> **ASSIGNMENT**
Output nothing but the line containing "A young, fashionable" and the lines after it through the end of the material below, each reproduced exactly.

> **INPUT MATERIAL**

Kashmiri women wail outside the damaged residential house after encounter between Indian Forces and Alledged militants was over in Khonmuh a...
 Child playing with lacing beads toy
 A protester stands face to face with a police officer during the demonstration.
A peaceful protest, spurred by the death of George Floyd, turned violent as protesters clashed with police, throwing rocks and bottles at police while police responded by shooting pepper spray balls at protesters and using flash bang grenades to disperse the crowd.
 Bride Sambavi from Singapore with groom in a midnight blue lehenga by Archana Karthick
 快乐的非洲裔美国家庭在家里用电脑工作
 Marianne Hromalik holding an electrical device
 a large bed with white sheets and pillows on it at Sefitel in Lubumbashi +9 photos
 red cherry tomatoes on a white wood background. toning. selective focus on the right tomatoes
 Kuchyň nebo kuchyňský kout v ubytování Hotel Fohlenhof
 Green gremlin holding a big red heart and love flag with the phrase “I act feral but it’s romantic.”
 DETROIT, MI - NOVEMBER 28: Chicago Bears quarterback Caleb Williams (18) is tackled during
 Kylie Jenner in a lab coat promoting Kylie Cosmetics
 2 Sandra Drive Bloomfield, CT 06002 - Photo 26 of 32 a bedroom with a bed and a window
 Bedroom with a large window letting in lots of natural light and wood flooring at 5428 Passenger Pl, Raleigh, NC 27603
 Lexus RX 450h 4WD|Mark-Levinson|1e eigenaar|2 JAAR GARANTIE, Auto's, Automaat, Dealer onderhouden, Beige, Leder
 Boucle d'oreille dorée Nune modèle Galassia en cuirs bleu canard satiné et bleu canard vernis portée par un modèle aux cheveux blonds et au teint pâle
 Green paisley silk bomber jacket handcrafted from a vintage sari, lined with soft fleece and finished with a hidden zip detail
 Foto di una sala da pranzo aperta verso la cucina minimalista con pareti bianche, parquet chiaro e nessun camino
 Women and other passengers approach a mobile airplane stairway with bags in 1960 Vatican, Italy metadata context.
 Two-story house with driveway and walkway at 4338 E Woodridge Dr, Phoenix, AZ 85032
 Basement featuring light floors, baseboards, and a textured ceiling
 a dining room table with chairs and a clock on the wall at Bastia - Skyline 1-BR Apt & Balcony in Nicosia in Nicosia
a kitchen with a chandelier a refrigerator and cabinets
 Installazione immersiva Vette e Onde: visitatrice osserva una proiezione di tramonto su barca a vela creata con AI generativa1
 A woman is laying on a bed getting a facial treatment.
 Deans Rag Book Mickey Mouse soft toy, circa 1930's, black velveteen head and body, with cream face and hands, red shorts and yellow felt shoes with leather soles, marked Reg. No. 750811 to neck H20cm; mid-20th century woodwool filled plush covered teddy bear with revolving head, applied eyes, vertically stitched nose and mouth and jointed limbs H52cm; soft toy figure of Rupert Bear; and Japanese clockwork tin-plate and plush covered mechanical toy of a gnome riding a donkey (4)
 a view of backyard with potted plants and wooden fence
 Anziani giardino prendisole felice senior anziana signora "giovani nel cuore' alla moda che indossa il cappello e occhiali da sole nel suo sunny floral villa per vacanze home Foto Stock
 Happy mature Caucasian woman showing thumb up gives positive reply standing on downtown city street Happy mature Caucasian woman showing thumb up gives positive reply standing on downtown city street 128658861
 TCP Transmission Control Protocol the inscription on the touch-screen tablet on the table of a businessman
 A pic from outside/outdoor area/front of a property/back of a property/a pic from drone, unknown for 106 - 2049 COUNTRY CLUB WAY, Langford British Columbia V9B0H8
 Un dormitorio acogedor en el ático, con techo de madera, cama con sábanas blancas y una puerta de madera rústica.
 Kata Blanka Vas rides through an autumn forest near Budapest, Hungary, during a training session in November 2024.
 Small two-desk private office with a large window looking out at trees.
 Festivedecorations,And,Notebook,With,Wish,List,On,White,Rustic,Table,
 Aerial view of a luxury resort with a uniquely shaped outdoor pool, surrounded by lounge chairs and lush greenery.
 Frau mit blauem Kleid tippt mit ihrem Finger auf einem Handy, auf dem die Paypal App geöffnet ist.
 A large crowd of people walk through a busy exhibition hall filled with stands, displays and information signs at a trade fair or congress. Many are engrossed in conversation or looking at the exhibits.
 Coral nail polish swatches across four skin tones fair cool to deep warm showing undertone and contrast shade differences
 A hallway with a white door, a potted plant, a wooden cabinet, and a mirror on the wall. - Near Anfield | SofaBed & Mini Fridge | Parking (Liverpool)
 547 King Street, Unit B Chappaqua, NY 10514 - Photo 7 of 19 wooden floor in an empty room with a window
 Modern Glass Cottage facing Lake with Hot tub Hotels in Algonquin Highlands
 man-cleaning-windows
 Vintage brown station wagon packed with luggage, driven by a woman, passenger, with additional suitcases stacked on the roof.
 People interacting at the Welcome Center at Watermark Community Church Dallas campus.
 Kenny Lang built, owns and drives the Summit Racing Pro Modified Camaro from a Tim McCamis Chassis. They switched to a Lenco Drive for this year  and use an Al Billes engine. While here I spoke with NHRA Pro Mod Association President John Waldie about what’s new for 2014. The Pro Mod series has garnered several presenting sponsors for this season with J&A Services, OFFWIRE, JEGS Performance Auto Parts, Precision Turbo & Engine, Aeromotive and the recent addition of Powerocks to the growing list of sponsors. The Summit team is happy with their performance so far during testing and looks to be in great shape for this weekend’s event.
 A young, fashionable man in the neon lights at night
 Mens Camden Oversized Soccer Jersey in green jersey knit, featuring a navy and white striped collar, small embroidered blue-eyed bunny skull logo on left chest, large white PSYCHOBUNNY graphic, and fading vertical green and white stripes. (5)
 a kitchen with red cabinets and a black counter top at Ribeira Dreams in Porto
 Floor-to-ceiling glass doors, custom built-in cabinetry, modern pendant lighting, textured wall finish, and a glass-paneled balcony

> **RESULT OF THE TASK**
 A young, fashionable man in the neon lights at night
 Mens Camden Oversized Soccer Jersey in green jersey knit, featuring a navy and white striped collar, small embroidered blue-eyed bunny skull logo on left chest, large white PSYCHOBUNNY graphic, and fading vertical green and white stripes. (5)
 a kitchen with red cabinets and a black counter top at Ribeira Dreams in Porto
 Floor-to-ceiling glass doors, custom built-in cabinetry, modern pendant lighting, textured wall finish, and a glass-paneled balcony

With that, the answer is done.